Rusya ilişkiler normale dönene kadar tüm faaliyetleri askıya aldı. Nasıl bir
yerlilik ve millilikse bu santralın geleceği Rusların dudaklarının ucunda.
Şimdi bu güne gelin. İdlib’de yaşananları hatırlayın. Onlarca eve şehit
haberleri gitti, Türkiye’den bir yetkili çıkıp, askerlerin ölümleriyle doğrudan
ya da dolaylı sorumluluğu olan Rusya’nın Akkuyu’daki varlığını hatırlamadı.
Bir gazetede Rusya’nın yine inşaatı terkettiği haberi
çıktı ama doğrulayan, yorum yapan bir yetkili çıkmadı. Rusya için inşaatı
bırakıp gitmek bu kadar kolay mı? Ülkeye yerli diye yutturmaya çalıştıkları
santral konusunda Türkiye’nin en ufak bir karar alma, kontrol yetkisi yok mu?
Rusya’nın uçak krizinde yaptığını biz neden yapamadık? Nedeni çok açık, o
santralın sahibi biz değiliz. Rus devlet şirketi Rosatom’un Türkiye’deki
şirketi Akkuyu NGS A.Ş. tek söz sahibi, biz de seyirciyiz.

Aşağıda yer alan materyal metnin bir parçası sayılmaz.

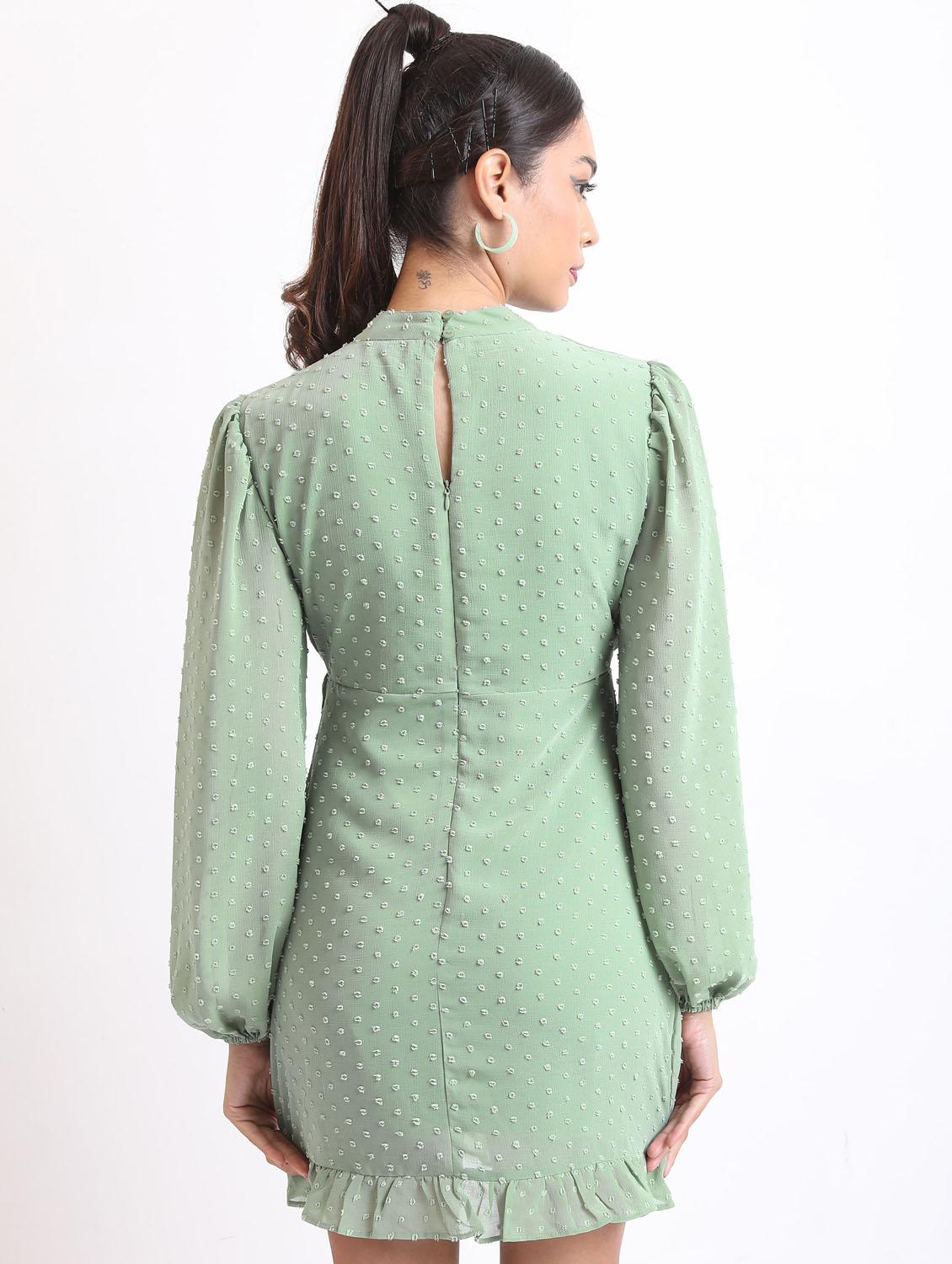women green cotton blend sheath dress - 21375927 - Standard Image - 2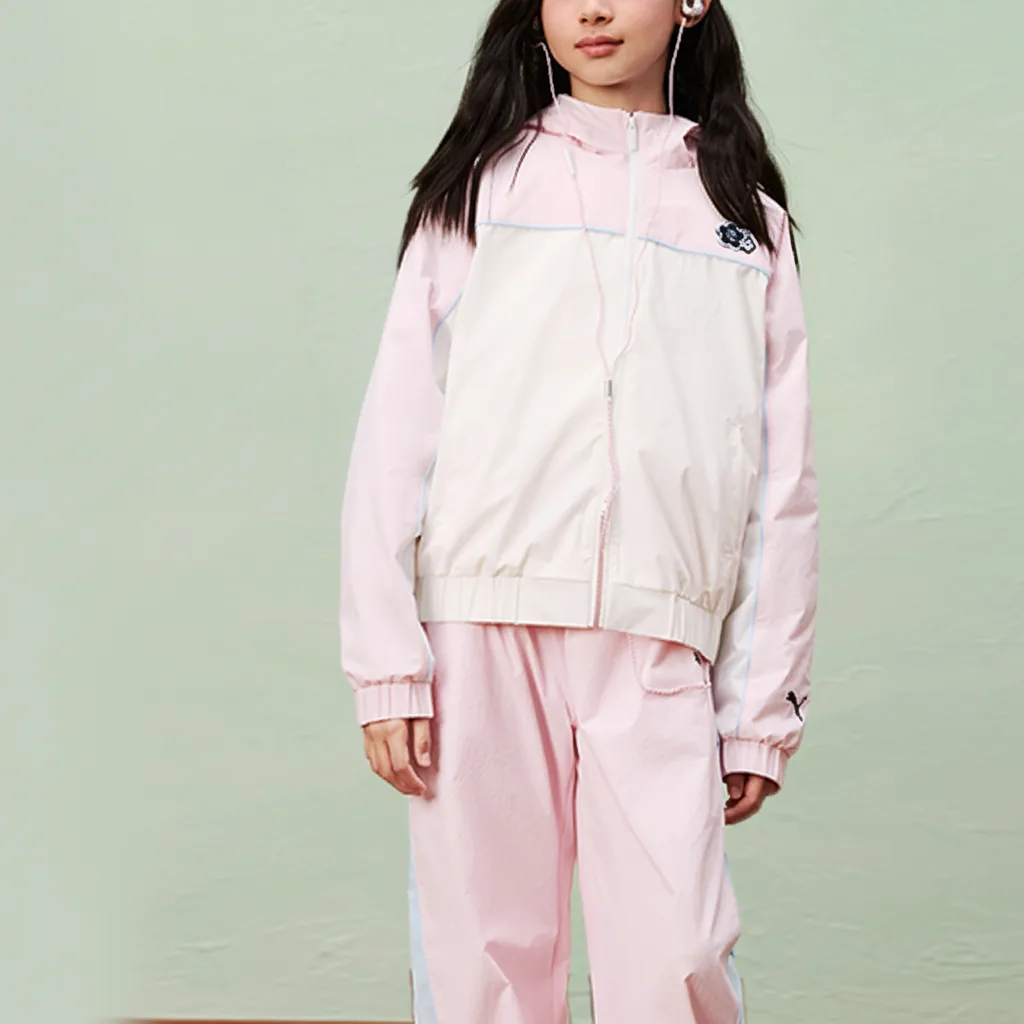 Детская куртка с капюшоном тонкая PUMA, розовый 60001 — фото 4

Rusya yıllarca o santralı işletme ve elektrik satma
hakkına sahip. Yapılan anlaşmaya göre hisselerin en fazla yüzde 49’unu
devredebiliyorlar. Çoğunluk hisse hep Rusya’da kalıyor. Bu sayede milyarlarca
dolar para kazanacaklar, biz ise hem pahalıya elektrik alacağız hem de doğalgaz
ve petrolle birlikte elektrikte de Rusya’ya bağımlı hale geleceğiz. Tehlikesi,
radyasyonu da cabası. Yüce Manitu bu dış ve enerji politikalarının mimarlarını
başımızdan eksik etmesin!
Gerçek şu ki iki ülke arasındaki gerilim ne ilk ne de son
olacak. Suriye’de Esad’ın yanında yer alan Rusya ile Esad’ı kendisine düşman
kabul etmiş bir hükümetin krizsiz bir gelecek vaat etmesi mümkün mü? NATO’nun
belki de bir numaralı hasmıyla askeri anlaşmalar yapan bir NATO ülkesinin
sorunsuz bir beraberlik yaşaması akla ve mantığa uygun mu? Türkiye ile Rusya
arasındaki ilişki hep bir soru işaretiyle hatırlanacak. İşler kötü gittiğinde
nükleer santralın yakıtını bize vermeyebilirler. Binlerce yıl radyoaktif
kalacak atıkları Mersin’e hatıra diye bırakıp aynı uçak krizinde olduğu gibi
ortadan yok olabilirler.
Nükleerden iki-üç kat ucuza güneş ve rüzgârdan elektrik
üretip Türkiye’yi enerjide gerçekten dışa bağımlılıktan kurtarmak varken bu
nükleer sevda neden? Var mı cesareti olan ve yanıt verecek bir yetkili?